In a letter to Paul Rodriguez, the president of the Gay-Straight Alliance at Texas A&M-Corpus Christi, who has supported Flour Bluff students' efforts to create an alliance at their high school, Superintendent Julie Carbajal defended the decision and said the school was committed to "supporting the cultural diversity of all students in our community."  

More from the Corpus Christi Caller-Times:

The superintendent’s decision came after Flour Bluff High School senior Bianca “Nikki” Peet’s proposed club garnered attention from such national organizations as the Gay, Lesbian and Straight Education Network and Change.org, which by Friday afternoon gathered 500 signatures on a petition asking the school’s administration to approve the club.

Rodriguez had argued that denying Peet the chance to create a Gay-Straight Alliance violates the Equal Access Act, a law mandating that federally funded schools provide equal access to extracurricular clubs.

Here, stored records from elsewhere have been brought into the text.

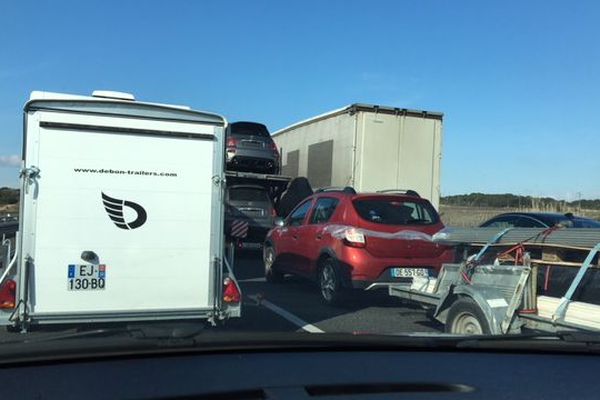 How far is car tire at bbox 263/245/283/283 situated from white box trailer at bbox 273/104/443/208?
10.9 ft

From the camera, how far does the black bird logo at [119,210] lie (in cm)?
591

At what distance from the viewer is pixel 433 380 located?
225 centimetres

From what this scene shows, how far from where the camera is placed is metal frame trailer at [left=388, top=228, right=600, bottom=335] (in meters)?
5.53

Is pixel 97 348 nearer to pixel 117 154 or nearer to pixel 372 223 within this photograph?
pixel 117 154

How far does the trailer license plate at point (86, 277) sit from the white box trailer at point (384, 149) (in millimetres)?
9427

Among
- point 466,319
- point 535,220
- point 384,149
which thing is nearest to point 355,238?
point 466,319

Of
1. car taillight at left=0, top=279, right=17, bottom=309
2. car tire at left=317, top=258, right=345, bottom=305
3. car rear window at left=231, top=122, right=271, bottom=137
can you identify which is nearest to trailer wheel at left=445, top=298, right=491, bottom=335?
car tire at left=317, top=258, right=345, bottom=305

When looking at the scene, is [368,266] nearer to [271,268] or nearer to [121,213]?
[271,268]

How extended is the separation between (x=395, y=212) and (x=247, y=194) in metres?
6.63

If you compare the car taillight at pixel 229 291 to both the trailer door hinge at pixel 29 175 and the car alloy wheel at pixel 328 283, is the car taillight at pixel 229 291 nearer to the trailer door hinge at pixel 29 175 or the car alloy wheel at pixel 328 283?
the trailer door hinge at pixel 29 175

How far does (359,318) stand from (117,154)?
423 cm

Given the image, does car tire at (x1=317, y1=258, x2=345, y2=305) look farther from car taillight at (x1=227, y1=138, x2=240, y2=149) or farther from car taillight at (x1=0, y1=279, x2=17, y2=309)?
car taillight at (x1=227, y1=138, x2=240, y2=149)

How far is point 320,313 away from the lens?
8977 mm

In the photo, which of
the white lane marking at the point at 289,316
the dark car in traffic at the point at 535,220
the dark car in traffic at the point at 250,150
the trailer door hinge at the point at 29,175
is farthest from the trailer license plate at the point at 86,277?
the dark car in traffic at the point at 250,150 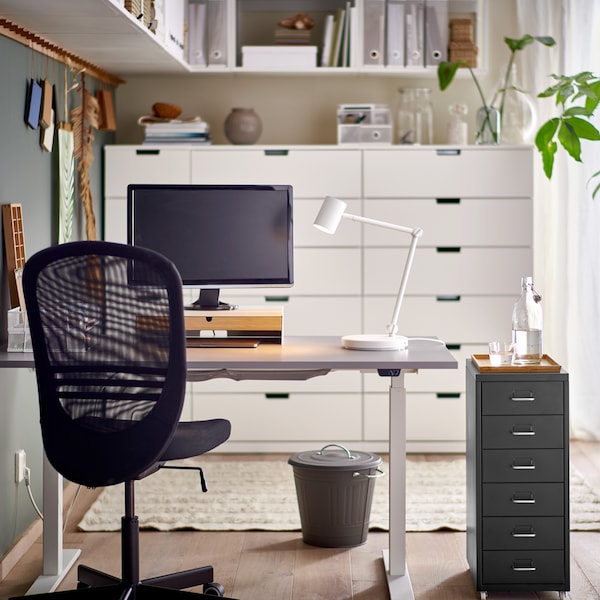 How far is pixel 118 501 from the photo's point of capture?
3.83 meters

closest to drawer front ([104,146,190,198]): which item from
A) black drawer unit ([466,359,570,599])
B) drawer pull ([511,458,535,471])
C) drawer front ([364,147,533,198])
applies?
drawer front ([364,147,533,198])

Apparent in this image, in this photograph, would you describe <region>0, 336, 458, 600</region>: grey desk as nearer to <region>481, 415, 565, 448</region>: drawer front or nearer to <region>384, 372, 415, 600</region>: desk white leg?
<region>384, 372, 415, 600</region>: desk white leg

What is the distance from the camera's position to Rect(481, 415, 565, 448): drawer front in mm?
2834

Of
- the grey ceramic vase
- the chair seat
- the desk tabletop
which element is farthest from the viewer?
the grey ceramic vase

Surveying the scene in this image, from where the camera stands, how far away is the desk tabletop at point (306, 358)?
8.86 feet

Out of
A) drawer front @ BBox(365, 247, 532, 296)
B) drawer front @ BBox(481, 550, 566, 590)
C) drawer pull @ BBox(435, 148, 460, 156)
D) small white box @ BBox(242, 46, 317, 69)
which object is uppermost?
small white box @ BBox(242, 46, 317, 69)

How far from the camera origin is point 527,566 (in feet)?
9.36

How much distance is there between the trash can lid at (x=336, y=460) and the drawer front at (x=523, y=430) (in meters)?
0.56

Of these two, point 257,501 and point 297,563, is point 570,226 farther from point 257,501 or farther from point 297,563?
point 297,563

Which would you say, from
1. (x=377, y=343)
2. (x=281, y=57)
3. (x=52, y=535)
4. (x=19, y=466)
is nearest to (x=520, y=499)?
(x=377, y=343)

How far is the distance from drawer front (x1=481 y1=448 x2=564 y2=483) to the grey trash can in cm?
52

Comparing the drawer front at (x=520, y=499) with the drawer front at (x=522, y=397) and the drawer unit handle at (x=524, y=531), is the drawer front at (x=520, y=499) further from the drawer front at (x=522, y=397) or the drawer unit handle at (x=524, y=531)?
the drawer front at (x=522, y=397)

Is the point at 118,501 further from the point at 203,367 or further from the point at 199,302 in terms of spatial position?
the point at 203,367

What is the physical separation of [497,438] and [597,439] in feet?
7.18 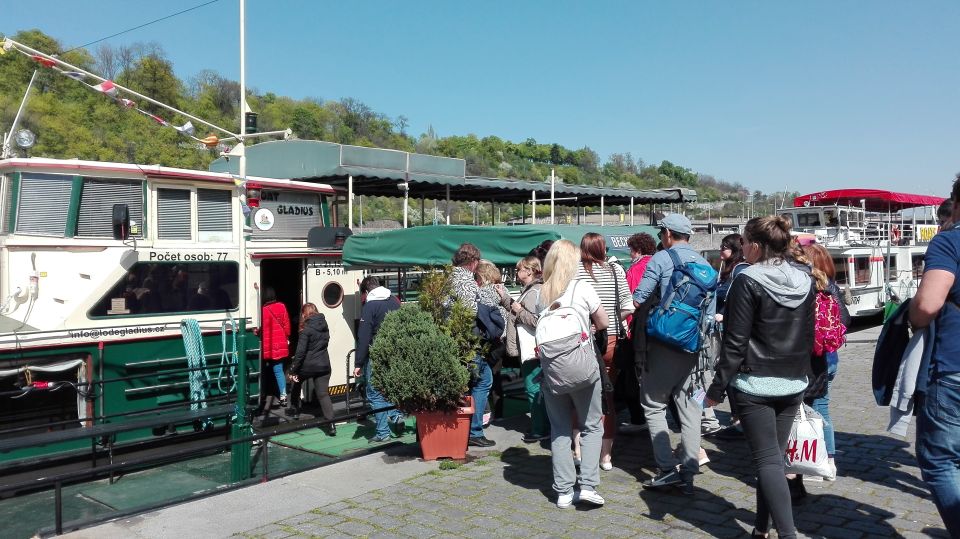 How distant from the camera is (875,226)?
2470 centimetres

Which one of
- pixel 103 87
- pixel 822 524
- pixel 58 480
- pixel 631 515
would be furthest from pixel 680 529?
pixel 103 87

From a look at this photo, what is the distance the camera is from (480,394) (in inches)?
279

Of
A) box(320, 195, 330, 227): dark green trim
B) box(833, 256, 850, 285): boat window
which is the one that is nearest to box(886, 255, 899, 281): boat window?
box(833, 256, 850, 285): boat window

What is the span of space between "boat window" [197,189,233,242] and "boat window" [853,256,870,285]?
1932cm

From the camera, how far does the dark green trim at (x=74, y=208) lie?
809cm

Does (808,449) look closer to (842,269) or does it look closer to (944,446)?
(944,446)

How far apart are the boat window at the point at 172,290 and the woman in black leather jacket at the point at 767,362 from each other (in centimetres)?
684

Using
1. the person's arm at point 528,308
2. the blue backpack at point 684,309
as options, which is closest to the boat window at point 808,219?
the person's arm at point 528,308

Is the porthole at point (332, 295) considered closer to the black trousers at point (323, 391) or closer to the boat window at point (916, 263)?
the black trousers at point (323, 391)

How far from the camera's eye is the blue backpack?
496 cm

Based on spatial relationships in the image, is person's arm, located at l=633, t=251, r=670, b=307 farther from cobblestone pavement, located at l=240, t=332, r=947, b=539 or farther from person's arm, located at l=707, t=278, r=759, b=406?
cobblestone pavement, located at l=240, t=332, r=947, b=539

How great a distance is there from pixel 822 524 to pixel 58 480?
507 centimetres

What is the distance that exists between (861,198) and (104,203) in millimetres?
23305

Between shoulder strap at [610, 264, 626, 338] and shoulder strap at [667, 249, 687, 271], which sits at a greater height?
shoulder strap at [667, 249, 687, 271] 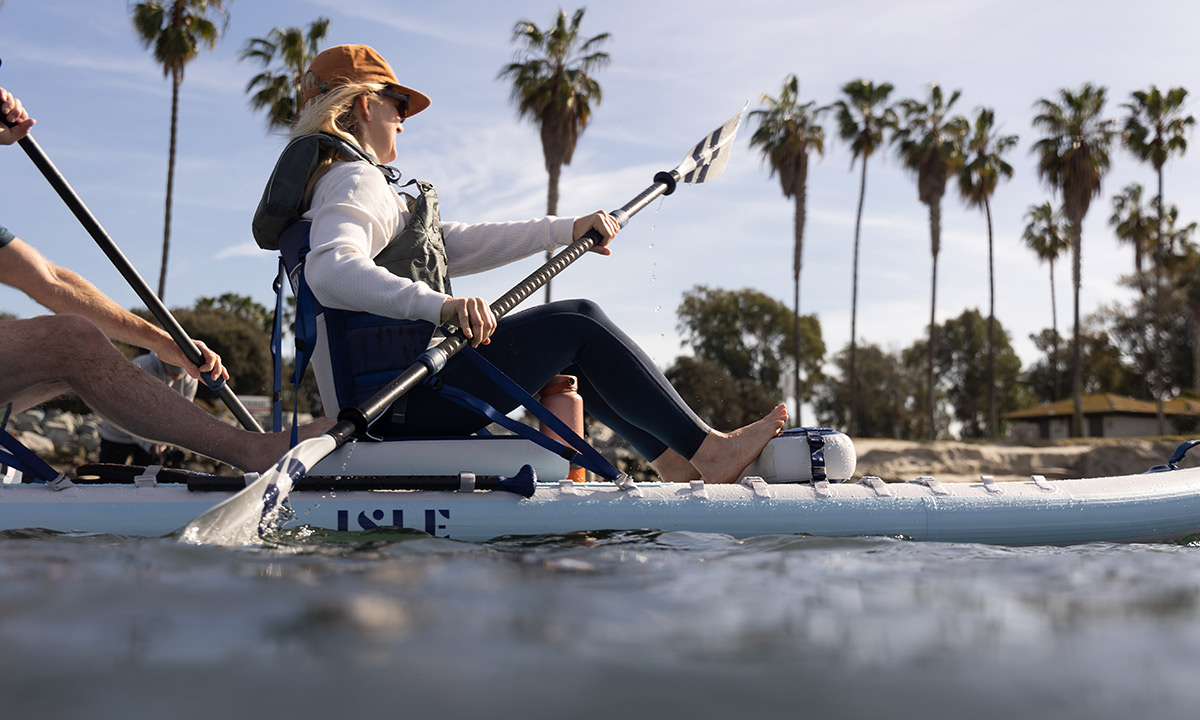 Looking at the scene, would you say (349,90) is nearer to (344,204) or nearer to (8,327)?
(344,204)

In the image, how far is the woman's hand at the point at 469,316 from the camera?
2.52 meters

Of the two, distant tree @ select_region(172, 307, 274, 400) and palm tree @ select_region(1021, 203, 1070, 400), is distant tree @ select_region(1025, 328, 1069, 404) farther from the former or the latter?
distant tree @ select_region(172, 307, 274, 400)

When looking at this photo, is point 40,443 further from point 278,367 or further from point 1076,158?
point 1076,158

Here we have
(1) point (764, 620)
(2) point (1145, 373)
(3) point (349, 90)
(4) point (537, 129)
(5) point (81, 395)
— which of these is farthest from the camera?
(2) point (1145, 373)

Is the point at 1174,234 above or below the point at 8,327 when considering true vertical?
above

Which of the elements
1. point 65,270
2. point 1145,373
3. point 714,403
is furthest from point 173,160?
point 1145,373

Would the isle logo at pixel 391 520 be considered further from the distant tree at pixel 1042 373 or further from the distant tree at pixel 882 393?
the distant tree at pixel 1042 373

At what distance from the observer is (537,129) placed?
897 inches

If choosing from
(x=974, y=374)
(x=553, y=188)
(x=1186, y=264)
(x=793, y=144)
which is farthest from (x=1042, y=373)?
(x=553, y=188)

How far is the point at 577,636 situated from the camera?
142cm

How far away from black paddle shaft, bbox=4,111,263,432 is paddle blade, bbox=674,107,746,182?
2.52 meters

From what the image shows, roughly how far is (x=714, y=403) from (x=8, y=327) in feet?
74.8

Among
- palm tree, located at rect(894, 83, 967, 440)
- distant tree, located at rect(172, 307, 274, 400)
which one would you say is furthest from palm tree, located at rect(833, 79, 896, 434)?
distant tree, located at rect(172, 307, 274, 400)

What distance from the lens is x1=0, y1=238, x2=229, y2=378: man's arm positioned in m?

The legislation, approved in 1984, was seen then as an attempt to protect Bible study and other religious groups. The law has since been invoked by supporters of gay rights to protect the formation of Gay-Straight Alliances in schools. Rodriguez said he gave the district two options when he intervened on behalf of Peet who had unsuccessfully petitioned her principal to start a club. He said the district could approve Peet’s club or disallow other clubs not based in the curriculum.

Chuck Smith, the deputy executive director of Equality Texas, a nonprofit that lobbies against discrimination based on sexual orientation, said the school is within its legal rights. 

"But it's certainly setting the wrong tone and climate if you are trying to foster a safe campus, because now they are pitting the kids who are getting kicked off against the kids who are trying to form a gay-straight alliance," he said.

A spokeswoman for the district said the school's decision regarding the club was final.